I am getting a cord for my DW and when I went to the store, they only had 16 gauge appliance cords. There was a coupe of tool replacement cords that were 12 and 14 gauge, but nothing for appliances.  Will it be okay to use the 16 gauge cord for the DW?  If not, what should I do? I could buy an appliance extension cord (12 or 14 gauge), cut the female end off and use that....but I'm guessing that can't happen.


----------



## inspectorD (Apr 29, 2008)

You know you can hard-wire the dishwasher...as long as it stays put under the cabinet.
Or go to a local appliance store and get the one you need.
I try not to mickey mouse around with electrical cords, but someone else may have another opinion.


----------



## Square Eye (Apr 29, 2008)

6 ft. of #12 type SJ cable and a replacement cord end.
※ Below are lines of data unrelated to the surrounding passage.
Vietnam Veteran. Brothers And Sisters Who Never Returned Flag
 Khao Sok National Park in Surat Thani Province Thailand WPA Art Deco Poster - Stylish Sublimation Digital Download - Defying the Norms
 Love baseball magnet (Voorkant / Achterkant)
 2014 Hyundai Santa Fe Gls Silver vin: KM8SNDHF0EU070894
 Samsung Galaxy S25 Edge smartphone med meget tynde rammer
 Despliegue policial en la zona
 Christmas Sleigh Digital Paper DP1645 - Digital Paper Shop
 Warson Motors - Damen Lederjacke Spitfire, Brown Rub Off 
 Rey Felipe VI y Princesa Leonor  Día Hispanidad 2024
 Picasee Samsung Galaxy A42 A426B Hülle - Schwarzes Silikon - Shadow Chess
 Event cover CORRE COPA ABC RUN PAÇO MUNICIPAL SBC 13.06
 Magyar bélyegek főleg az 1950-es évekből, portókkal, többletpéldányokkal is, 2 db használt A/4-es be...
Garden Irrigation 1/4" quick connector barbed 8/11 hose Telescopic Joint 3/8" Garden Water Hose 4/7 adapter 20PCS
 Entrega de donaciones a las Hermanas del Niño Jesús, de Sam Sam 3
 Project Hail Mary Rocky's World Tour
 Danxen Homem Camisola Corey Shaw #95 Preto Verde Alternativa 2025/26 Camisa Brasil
Get a 3/8 romex connector for the DW end if you don't already have one!


----------



## inspectorD (Apr 29, 2008)

I told you help was on the way, Good luck .
Someone else must be havin a rain day.


----------



## cibula11 (Apr 29, 2008)

THe old one we had plugged in and we are using a used one now.  It didn't come with a cord, but was hardwired in.  I was going to just make the receptacle a junction box and extend the wiring to the DW to hardwire it.  Do I need to use
 12/2 or 14/2 if I do it that way?  I'm guessing the receptacle is 14/2, but I'm not positive, nor do I know whether you can mix 14/2 and 12/2??


----------



## Square Eye (Apr 29, 2008)

Appliance circuits need to be run in #12


----------



## cibula11 (Apr 29, 2008)

yeah i figured #12 , but since there is a chance that the current repectacle is wired using #14 should I still do #12 or can I do #14?


----------



## triple D (Apr 29, 2008)

You're on the right track. Go to the store and get a cord, it may be a 12 or 14. Cut off the female end and voila, you have an appliance cord! There are tons of applications where myself and all the electricians have hooked up hardwire ovens that have a 10ga wire coming out of them, and they are on a 40amp breaker. The circuit might be 15 or 20 amps, but the d.w. only draws 8 or 9amps. Keep it simple, good luck.....


----------